Calculated confusion
With network coding, on the other hand, a node scrambles together the packets
it receives and sends the hybrid packets down multiple paths; at each
subsequent node they’re scrambled again in different ways. Counterintuitively,
this can significantly increase the capacity of the network as a whole: Hybrid
packets arrive at their destination along multiple paths. If one of those paths
is congested, or if one of its links fails outright, the packets arriving via
the other paths will probably contain enough information that the recipient can
piece together the original message.
But
each link between nodes could be noisy, so the information in the packets also
needs to be encoded to correct for errors. “Suppose that I’m a node in a
network, and I see a communication coming in, and it is corrupted by noise,”
says Médard, a professor of electrical engineering and computer science.
“I could try to remove the noise, but by doing that, I’m in effect making
a decision right now that maybe would have been better taken by someone
downstream from me who might have had more observations of the same
source.”
On
the other hand, Médard says, if a node simply forwards the data it receives
without performing any error correction, it could end up squandering bandwidth.
“If the node takes all the signal it has and does not whittle down his
representation, then it might be using a lot of energy to transmit noise,”
she says. “The question is, how much of the noise do I remove, and how
much do I leave in?”
In
their first paper, Médard and her colleagues analyze the case in which the
noise in a given link is unrelated to the signals traveling over other links,
as is true of most wired networks.
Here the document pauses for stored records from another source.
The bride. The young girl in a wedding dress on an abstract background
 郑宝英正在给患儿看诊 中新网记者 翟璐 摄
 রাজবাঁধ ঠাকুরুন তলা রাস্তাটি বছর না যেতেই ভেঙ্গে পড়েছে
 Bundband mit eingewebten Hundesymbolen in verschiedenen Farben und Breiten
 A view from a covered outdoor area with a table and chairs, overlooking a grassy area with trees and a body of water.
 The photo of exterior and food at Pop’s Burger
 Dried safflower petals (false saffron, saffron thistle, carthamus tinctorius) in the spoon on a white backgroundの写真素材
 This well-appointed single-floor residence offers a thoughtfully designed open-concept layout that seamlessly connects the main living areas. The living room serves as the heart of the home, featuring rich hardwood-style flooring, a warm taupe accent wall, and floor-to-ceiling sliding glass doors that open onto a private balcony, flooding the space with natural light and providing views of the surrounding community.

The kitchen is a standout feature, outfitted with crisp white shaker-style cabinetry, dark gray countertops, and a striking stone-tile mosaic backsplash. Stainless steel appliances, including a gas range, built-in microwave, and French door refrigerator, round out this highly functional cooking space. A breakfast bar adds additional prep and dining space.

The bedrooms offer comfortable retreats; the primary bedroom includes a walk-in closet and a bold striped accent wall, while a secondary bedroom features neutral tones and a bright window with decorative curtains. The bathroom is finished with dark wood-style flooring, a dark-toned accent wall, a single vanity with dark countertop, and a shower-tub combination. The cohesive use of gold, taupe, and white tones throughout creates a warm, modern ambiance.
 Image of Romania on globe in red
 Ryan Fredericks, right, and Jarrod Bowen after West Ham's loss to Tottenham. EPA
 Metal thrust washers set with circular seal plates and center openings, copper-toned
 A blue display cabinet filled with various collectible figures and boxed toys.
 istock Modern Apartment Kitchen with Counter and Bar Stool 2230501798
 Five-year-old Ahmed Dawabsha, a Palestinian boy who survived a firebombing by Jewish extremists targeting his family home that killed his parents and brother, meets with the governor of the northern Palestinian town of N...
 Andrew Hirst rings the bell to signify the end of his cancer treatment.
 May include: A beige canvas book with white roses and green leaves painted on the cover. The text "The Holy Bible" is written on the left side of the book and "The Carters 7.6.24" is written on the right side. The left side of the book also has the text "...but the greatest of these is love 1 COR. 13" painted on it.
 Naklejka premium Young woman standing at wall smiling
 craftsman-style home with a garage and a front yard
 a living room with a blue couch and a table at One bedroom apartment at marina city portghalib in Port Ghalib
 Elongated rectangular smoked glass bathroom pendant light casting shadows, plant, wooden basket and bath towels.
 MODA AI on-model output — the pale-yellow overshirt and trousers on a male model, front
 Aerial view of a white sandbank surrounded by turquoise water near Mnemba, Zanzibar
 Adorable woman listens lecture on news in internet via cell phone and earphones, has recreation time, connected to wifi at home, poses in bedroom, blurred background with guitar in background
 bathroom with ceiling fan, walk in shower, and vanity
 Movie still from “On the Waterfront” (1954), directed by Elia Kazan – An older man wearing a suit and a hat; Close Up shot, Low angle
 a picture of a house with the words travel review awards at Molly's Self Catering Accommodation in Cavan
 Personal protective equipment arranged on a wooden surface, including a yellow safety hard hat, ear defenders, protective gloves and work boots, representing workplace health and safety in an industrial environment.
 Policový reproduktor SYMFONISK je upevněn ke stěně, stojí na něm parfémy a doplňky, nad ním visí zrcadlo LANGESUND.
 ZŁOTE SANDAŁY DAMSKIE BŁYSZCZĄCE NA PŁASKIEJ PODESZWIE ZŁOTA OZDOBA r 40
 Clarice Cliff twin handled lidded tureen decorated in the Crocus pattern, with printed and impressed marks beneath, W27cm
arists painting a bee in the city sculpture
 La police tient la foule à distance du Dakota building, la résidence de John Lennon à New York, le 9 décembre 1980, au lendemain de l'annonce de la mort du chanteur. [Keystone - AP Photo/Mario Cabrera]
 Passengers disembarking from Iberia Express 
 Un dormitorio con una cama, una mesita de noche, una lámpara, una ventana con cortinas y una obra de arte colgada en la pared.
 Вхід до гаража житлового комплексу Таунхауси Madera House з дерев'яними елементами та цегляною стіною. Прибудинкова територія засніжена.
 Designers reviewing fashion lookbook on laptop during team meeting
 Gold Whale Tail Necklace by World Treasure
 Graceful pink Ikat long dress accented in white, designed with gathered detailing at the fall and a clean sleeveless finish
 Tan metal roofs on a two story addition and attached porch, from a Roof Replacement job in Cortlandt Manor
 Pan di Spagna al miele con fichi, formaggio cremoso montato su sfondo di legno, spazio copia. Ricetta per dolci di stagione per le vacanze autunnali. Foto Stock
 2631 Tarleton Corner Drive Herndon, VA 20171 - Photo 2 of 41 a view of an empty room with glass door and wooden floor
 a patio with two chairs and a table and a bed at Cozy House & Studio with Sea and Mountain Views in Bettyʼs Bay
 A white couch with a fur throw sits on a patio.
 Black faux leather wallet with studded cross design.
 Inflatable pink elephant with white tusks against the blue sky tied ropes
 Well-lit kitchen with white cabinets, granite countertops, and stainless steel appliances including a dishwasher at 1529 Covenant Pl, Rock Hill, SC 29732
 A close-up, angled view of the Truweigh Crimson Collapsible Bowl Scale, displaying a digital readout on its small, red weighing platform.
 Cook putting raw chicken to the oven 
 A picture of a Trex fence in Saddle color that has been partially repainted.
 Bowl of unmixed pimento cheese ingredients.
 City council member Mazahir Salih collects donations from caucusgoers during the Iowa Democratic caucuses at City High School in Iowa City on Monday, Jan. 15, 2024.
In that case, the researchers show, the
problems of error correction and network coding can be separated without
limiting the capacity of the network as a whole.
Noisy neighbors
In the second paper, the researchers tackle the case in which the noise on a
given link is related to the signals on other links, as is true of most
wireless networks, since the transmissions of neighboring base stations can
interfere with each other. This complicates things enormously: Indeed, Médard
points out, information theorists still don’t know how to quantify the capacity
of a simple three-node wireless network, in which two nodes relay messages to each
other through a third node.
Nonetheless,
Médard and her colleagues show how to calculate upper and lower bounds on the
capacity of a given wireless network. While the gap between the bounds can be
very large in practice, knowing the bounds could still help network operators
evaluate the benefits of further research on network coding. If the observed
bit rate on a real-world network is below the lower bound, the operator knows
the minimum improvement that the ideal code would provide; if the observed rate
is above the lower bound but below the upper, then the operator knows the
maximum improvement that the ideal code might provide. If even the maximum
improvement would afford only a small savings in operational expenses, the operator
may decide that further research on improved coding isn’t worth the money.
“The
separation theorem they proved is of fundamental interest,” says Raymond
Yeung, a professor of information engineering and co-director of the Institute of Network Coding
at the Chinese University
of Hong Kong. “While the result itself is
not surprising, it is somewhat unexpected that they were able to prove the result
in such a general setting.”
Yeung cautions, however, that while the researchers have
“decomposed a very difficult problem into two,” one of those problems
“remains very difficult. … The bound is in terms of the solution to
another problem which is difficult to solve,” he says. “It is not
clear how tight this bound is; that needs further research.”